Real world example of a strict aliasing rule violation causing 
unexpected behaviour: the Chart demo app in Haiku. When using Chart on 
a GCC4 compiled Haiku that has strict aliasing enabled (i.e. prior to 
r25016), you will notice that it doesn't draw anything (testing under 
QEMU at least). When compiling Chart there are three warnings 
concerning a break of strict aliasing rules. One is in ChartWindow.cpp 
with the code:

BHandler *handler;
message->FindPointer("source", (void**)&handler);

This doesn't really look too wrong and in practice apparently doesn't 
hinder functionallity either. I just show it here to point out what I 
find quite limiting about strict aliasing rules. The "correct" way (and 
this is only a GCC extension it turns out and not even officially 
allowed by the standard) of doing that would involve doing the type 
punning from BHandler ** to void ** for the FindPointer() call through 
a union. This would result in the following code:

        union {
                BHandler *handlerPointer;
                void *voidPointer;
        } u;

        message->FindPointer("source", &u.voidPointer);

And every instance where the handler pointer is accessed would then of 
course need to be "u.handlerPointer". One could alternatively copy the 
handler pointer out of the union after the call though so no further 
changes to the function would be necessary.
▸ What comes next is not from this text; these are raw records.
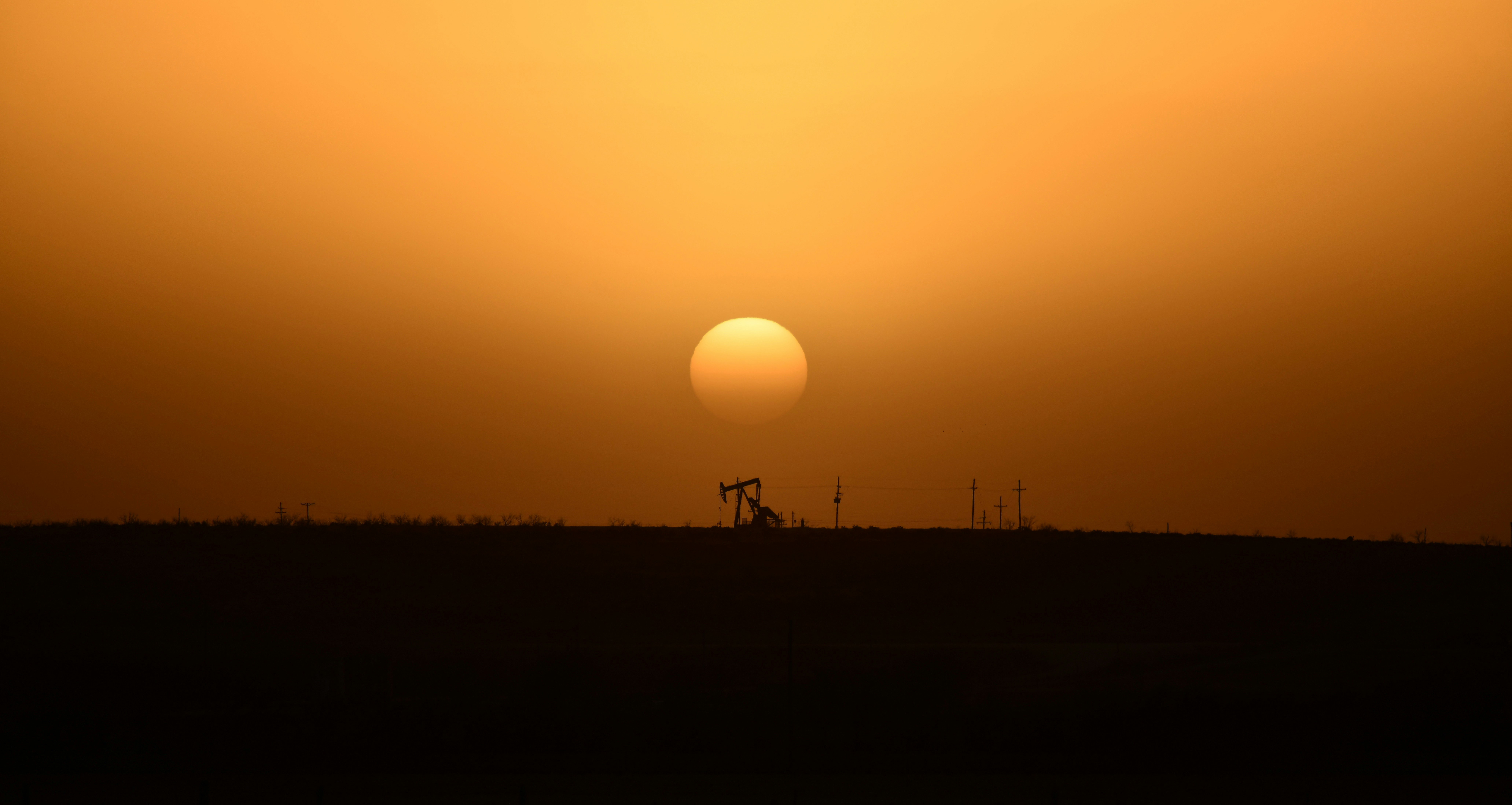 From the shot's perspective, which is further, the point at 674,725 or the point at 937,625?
the point at 937,625

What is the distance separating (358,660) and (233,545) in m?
29.3

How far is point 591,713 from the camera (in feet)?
101

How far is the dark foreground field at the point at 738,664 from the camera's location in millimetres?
26047

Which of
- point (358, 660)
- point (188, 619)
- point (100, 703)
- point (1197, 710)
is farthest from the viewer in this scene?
point (188, 619)

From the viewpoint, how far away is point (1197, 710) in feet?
103

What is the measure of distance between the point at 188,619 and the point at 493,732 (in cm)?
2901

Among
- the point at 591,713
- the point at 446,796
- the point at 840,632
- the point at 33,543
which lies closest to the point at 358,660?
the point at 591,713

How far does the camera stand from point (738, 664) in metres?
41.9

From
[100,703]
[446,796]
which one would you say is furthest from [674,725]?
[100,703]

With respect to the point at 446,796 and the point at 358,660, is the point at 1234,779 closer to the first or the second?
the point at 446,796

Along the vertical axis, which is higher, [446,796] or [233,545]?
[233,545]

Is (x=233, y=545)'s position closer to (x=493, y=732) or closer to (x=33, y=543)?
(x=33, y=543)

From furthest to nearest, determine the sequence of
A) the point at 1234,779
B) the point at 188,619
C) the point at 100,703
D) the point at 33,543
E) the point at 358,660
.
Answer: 1. the point at 33,543
2. the point at 188,619
3. the point at 358,660
4. the point at 100,703
5. the point at 1234,779

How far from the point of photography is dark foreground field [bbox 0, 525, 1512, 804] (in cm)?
2605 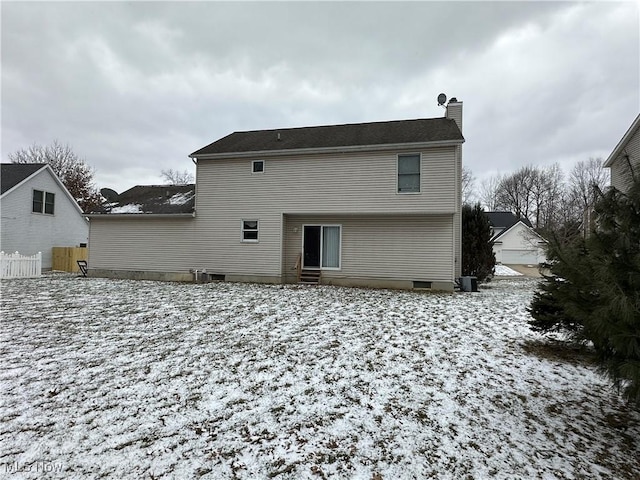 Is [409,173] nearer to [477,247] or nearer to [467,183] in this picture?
[477,247]

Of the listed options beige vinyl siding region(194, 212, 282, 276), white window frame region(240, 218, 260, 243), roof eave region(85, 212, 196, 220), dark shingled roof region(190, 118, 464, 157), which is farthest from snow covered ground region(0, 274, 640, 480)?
dark shingled roof region(190, 118, 464, 157)

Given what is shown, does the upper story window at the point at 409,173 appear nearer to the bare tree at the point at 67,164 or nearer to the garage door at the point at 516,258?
the garage door at the point at 516,258

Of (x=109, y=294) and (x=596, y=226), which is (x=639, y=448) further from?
(x=109, y=294)

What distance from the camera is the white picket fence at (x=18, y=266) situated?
45.4 feet

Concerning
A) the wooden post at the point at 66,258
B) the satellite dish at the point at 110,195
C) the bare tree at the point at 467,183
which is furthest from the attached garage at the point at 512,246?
the wooden post at the point at 66,258

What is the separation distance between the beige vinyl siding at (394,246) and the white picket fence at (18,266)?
11849 millimetres

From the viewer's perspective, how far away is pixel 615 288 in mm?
2580

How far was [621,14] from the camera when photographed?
30.1 feet

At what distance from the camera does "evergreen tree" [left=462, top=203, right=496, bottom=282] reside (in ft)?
47.4

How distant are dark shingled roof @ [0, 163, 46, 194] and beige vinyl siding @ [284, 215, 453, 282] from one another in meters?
16.0

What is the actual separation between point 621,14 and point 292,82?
11734mm

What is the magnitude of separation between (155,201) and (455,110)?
14241 mm

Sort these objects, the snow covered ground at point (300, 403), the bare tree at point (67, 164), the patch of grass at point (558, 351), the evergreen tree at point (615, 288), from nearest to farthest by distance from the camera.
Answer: the evergreen tree at point (615, 288) → the snow covered ground at point (300, 403) → the patch of grass at point (558, 351) → the bare tree at point (67, 164)

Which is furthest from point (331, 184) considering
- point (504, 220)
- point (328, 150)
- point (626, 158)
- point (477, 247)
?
point (504, 220) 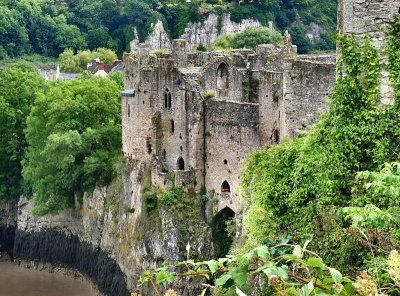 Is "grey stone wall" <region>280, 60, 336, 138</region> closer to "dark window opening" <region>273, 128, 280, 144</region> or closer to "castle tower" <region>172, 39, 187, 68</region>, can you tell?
"dark window opening" <region>273, 128, 280, 144</region>

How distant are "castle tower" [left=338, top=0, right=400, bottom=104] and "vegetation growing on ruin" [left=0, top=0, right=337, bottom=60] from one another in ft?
313

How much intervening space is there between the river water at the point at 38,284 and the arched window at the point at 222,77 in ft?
33.6

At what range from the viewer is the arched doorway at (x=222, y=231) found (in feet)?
114

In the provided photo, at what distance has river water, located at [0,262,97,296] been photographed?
42594 millimetres

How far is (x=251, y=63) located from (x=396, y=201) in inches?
1025

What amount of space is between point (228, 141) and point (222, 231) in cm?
324

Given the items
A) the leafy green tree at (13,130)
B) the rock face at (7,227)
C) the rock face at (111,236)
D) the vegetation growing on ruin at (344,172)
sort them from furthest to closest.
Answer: the leafy green tree at (13,130) → the rock face at (7,227) → the rock face at (111,236) → the vegetation growing on ruin at (344,172)

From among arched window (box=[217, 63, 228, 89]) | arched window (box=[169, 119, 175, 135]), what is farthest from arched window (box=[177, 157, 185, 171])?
arched window (box=[217, 63, 228, 89])

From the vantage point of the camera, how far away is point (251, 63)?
3847 centimetres

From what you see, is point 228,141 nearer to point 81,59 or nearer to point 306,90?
point 306,90

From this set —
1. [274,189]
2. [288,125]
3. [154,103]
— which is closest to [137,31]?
[154,103]

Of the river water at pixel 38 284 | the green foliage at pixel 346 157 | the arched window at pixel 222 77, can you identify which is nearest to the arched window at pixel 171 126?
the arched window at pixel 222 77

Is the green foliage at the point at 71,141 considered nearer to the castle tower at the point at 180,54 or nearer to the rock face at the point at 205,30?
the castle tower at the point at 180,54

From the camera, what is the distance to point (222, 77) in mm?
37938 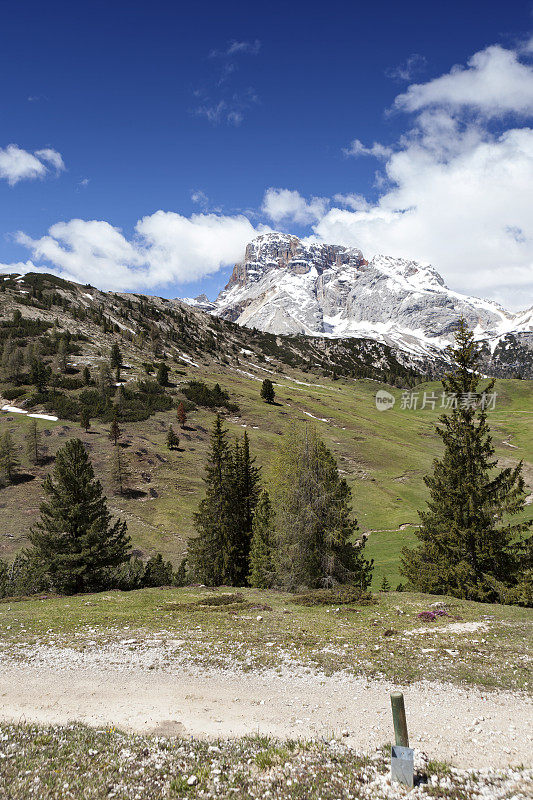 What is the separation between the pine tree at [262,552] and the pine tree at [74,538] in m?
11.9

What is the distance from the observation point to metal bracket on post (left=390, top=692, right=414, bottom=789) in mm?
7676

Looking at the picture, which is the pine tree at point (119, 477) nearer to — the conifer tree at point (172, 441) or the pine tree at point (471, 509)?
the conifer tree at point (172, 441)

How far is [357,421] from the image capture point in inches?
5157

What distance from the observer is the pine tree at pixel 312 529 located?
1163 inches

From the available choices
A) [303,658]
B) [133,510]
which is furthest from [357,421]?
[303,658]

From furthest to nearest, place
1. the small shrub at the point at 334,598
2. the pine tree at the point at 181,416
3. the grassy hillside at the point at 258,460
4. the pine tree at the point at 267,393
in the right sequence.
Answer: the pine tree at the point at 267,393
the pine tree at the point at 181,416
the grassy hillside at the point at 258,460
the small shrub at the point at 334,598

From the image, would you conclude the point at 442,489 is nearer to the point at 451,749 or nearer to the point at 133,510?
the point at 451,749

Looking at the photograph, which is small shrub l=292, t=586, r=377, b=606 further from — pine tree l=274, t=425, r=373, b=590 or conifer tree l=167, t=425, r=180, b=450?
conifer tree l=167, t=425, r=180, b=450

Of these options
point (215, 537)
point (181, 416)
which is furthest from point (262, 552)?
point (181, 416)

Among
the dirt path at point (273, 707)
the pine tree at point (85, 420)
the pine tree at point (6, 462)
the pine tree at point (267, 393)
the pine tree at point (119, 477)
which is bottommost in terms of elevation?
the dirt path at point (273, 707)

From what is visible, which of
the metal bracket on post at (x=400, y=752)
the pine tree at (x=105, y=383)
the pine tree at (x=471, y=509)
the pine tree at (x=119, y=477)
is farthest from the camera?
the pine tree at (x=105, y=383)

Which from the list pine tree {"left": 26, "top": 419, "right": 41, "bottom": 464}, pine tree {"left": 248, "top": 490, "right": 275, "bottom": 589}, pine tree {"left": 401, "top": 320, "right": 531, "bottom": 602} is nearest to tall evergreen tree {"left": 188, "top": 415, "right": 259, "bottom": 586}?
pine tree {"left": 248, "top": 490, "right": 275, "bottom": 589}

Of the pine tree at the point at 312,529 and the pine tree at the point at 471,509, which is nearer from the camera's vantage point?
the pine tree at the point at 471,509

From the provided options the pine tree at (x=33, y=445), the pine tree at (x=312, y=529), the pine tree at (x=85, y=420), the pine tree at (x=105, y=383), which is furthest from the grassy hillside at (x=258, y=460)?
the pine tree at (x=105, y=383)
Now this is not what is causing the drawing problems anyway. The cause 
for that resides in ChartRender.cpp and is an implementation of a 
simple approximation square root function:

float b_sqrt(float x) {
        uint32 val;
        float y,z,t;
        float flottant, tampon;

        flottant = x;
        val = *((uint32*)&flottant);
        val >>= 1;
        val += 0x1FC00000L;
        *((uint32*)&tampon) = val;
        y = tampon;
        z = y*y+x;
        t = y*y-x;
        y *= (float)4.0;
        x = z*z;
        t = t*t;
        y = z*y;
        t = (float)2.0*x-t;
        return t/y;

This code does break strict aliasing in two places (it also breaks 
coding style guidelines, but it's Be sample code...). First when 
retrieving the uint32 representation of the float through "val = *
((uint32*)&flottant);" and the second time when setting the float 
variable to the modified uint32 value again "*((uint32*)&tampon) = 
val;". This generates the other two warnings. Appart from obviously 
depending on a certain in-memory layout of a float, this code does 
indeed break when strict aliasing is enabled. The compiler obviously 
optimizes this function with the strict aliasing assumption which 
causes these two sections to fail. Note that the uint32 variable "val" 
and the float variables are not actually aliasing eachother, they are 
stored in different memory locations. What is breaking the rules is the 
"*((uint32 *)&flottant" part, as it makes a float pointer pointing to a 
memory location (&flottant), and then makes a uint32 pointer out of it 
pointing to the same memory location. This results in two pointers of 
different (and incompatible) types pointing to the same location, which 
obviously breaks the assumption that two pointers of different type 
cannot do exactly that.

The above could be corrected in some different ways. For example a 
union approach could be used where the float and the uint32 variables 
would simply be put into the same union and then either of the union 
members is modified:

        union {
                float flottant;
                uint32 val;
        } u;

        u.flottant = x;
        u.val >>= 1;
        u.val += 0x1FC00000L;
        y = u.flottant;

Which actually simplifies the code even and therefore is probably a 
good thing to do anyway.
One could probably also implement it as actually moving around the 
memory locations. For example using a macro around memcpy to make 
things a bit handier:

#define COPY_VALUES(x, y) \
        memcpy(&x, &y, MIN(sizeof(x), sizeof(y)))

And then use it like:

        flottant = x;
        COPY_VALUES(val, flottant);
        val >>= 1;
        val += 0x1FC00000L;
        COPY_VALUES(tampon, val);
        y = tampon;

But I am in fact not really sure if this doesn't just hide the problem 
(as it works I suppose it doesn't).

As you see there are ways to get these situations corrected. But as 
should be obvious from the first example of the FindPointer() method, 
we will have lots of these cases. And I am not yet convinced that I 
really like to do that kind of workaround in such common code.